E depois fugia, só pensava em querer ficar sozinha e deslocar todas as vozes do cubículo onde as conversas se cruzam. E brinquei com os dedos, contei todos enquanto conversava e sorria, embora não estivesse mais feliz.

Os mundos de todas as outras pessoas começaram com um “sim”, um “sim” em cada segundo, quantas pessoas já disseram “sim” enquanto despejo isso?

– Sim, sim, sim... sim sim sim... ssssssssssssss sim. Só ouço “Sim”.

E termina assim, com o meu novo mundo começado por um “não” provocado.

– Eu disse, sou a demolição, - Deus – a demolição!

sexta-feira, 14 de março de 2008

Repartição

O desespero que resta hoje é perceber a distância dos trilhos e a insistência dos futuros passageiros.

Navego involuntariamente por entre as estradas e os mares que nunca percorri; há chão na gente e há areia, para se jogar nos olhos. E tudo isto é como sentir fome e não poder comer.

De ponta cabeça observo a eloqüência do presente; e há de me conquistar cada segundo, esses, que me tornam heroína:

- Caminho pelo bairro, e mais tarde caminharei pela cidade como se sentissem a minha respiração ofegante e apaixonada que desliza por entre os ares mais odiosos e resquícios de odores. Distribuo sorrisos. Às vezes.

Sou heróica horizontalmente, mas de pensamento estou de pé e “sola”. Redemoinho e o que engulo sem mastigar. Ocorreu-me que hoje os meus dentes são feitos de rosas (embora eu não goste delas), fatalmente os recebo de qualquer coisa fulminante. E isso são as pessoas que cruzam meu caminho. Enquanto leio o jornal.

E essas são as plantas que crescem nos jardins, das pessoas. Farpas e estilhaços.

- Eu sou a própria demolição. (No meio da minha tragédia do não correspondido!).

terça-feira, 11 de março de 2008

A primeira visão

Após abrir os olhos tudo o que enxerguei foi o amor. Amor sabendo que ele não existiria; e se existisse encheria tanto os pulmões... até estourar.

Quis isto quando infante, mas noutros tempos quis só esquecer que talvez as pessoas tenham nascido para amar; senão, qual outra utilidade para viver? pergunta exclusa do meu pensamento.

E meu corpo fora lançado contra as rochas, no mar e os olhos fechados outra vez e a coisa especial de não se poder cair: pensei que o amor fosse isso, aquele pelo qual esperamos toda vida... mas como ter a certeza? Gosto das exatidões quando se precisa agarrar numa esperançosa verdade.

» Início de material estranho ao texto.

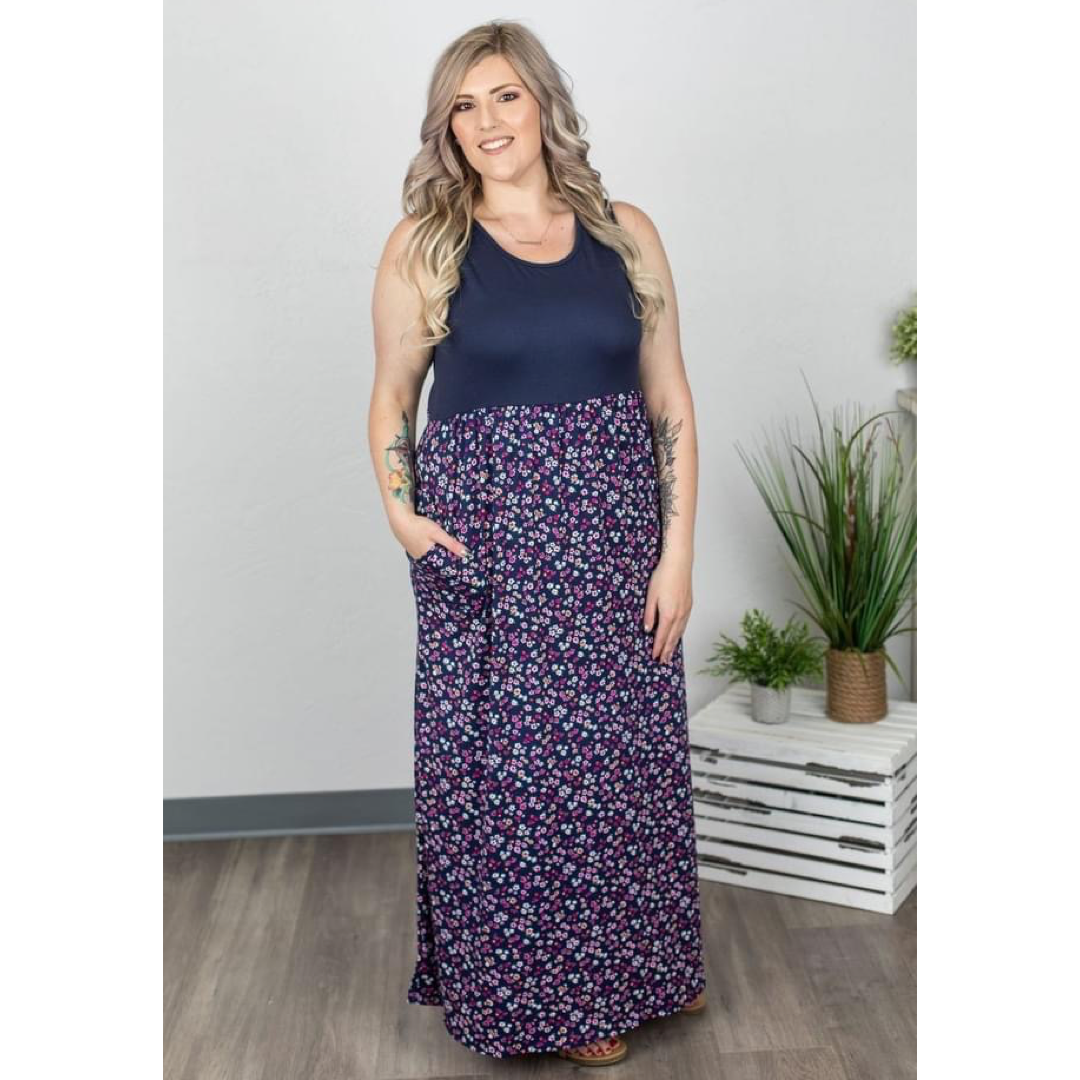 Navy Floral Maxi
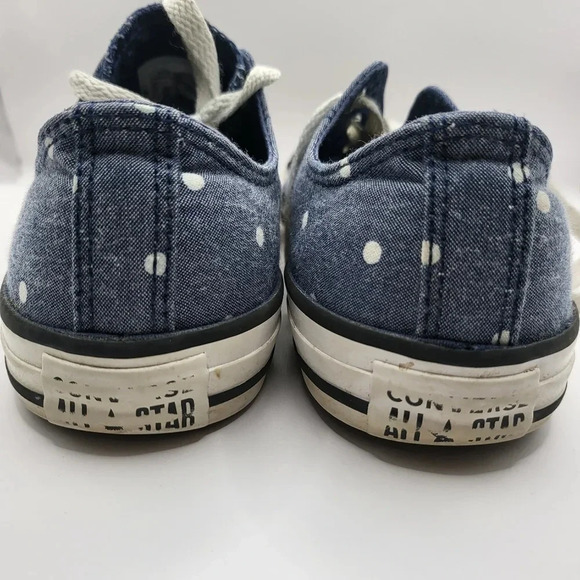 Converse Chuck Taylor Navy/Gold/White Polka Dot Shoes - Size 4 Junior - Picture 2 of 4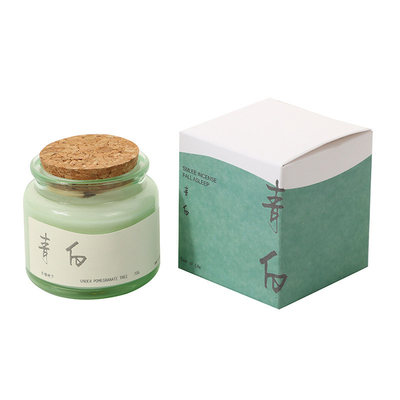 2 Color Graphics Printing on Wooden Cork Green Cup Aromatherapy Candle for Niche Event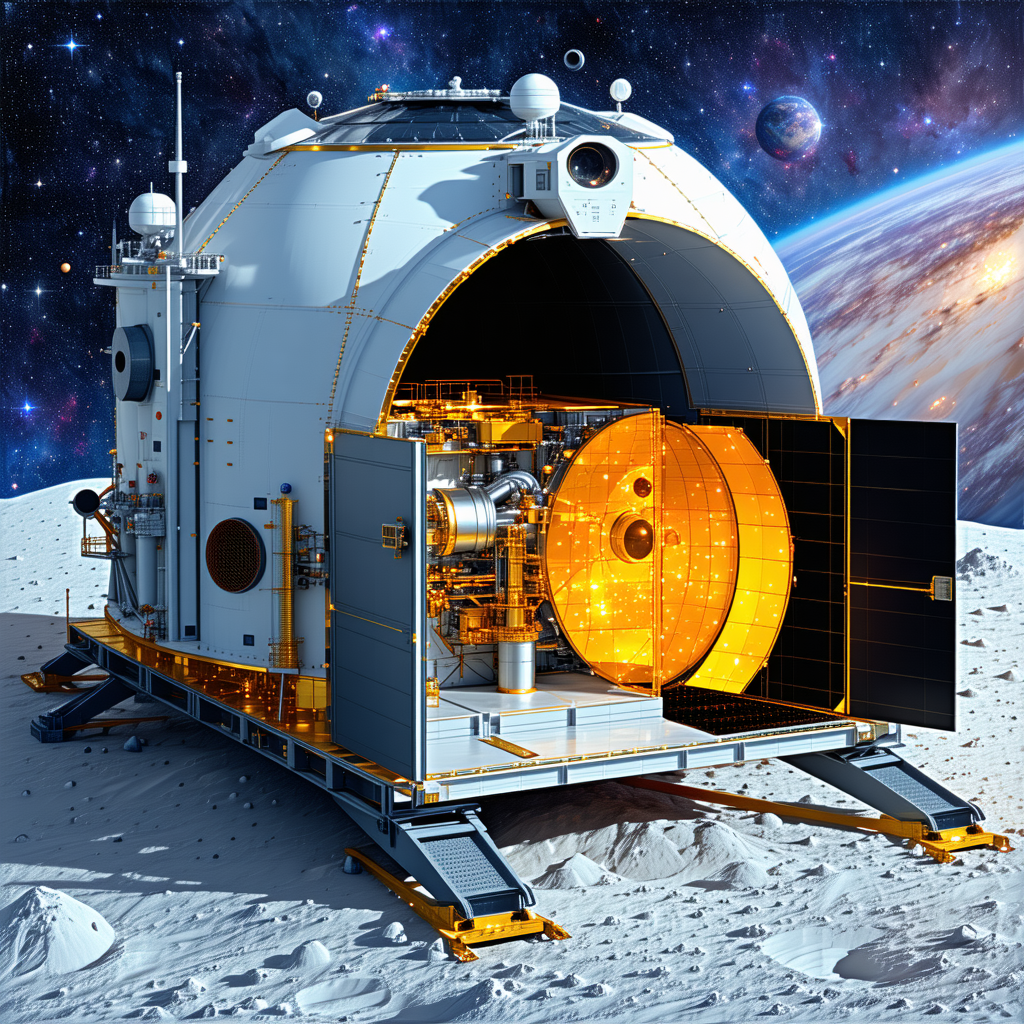 A Large, White Spacecraft With A Dome-shaped Structure On Top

Depois de muito adormecida os olhos se abrem enquanto tudo diz: feche os olhos!
E o som denso de água, como o som da morte; onde a noção se perde e o espaço é grande demais. A mistura das águas com os olhos, já cristalinos. A esperança balbuciando frente tudo aquilo. A imensidão.
Acolhida por um universo de água sem fim, que não se espelha e também não multiplica nenhuma vontade, sem dor, fome ou desespero. Talvez isso seja amor.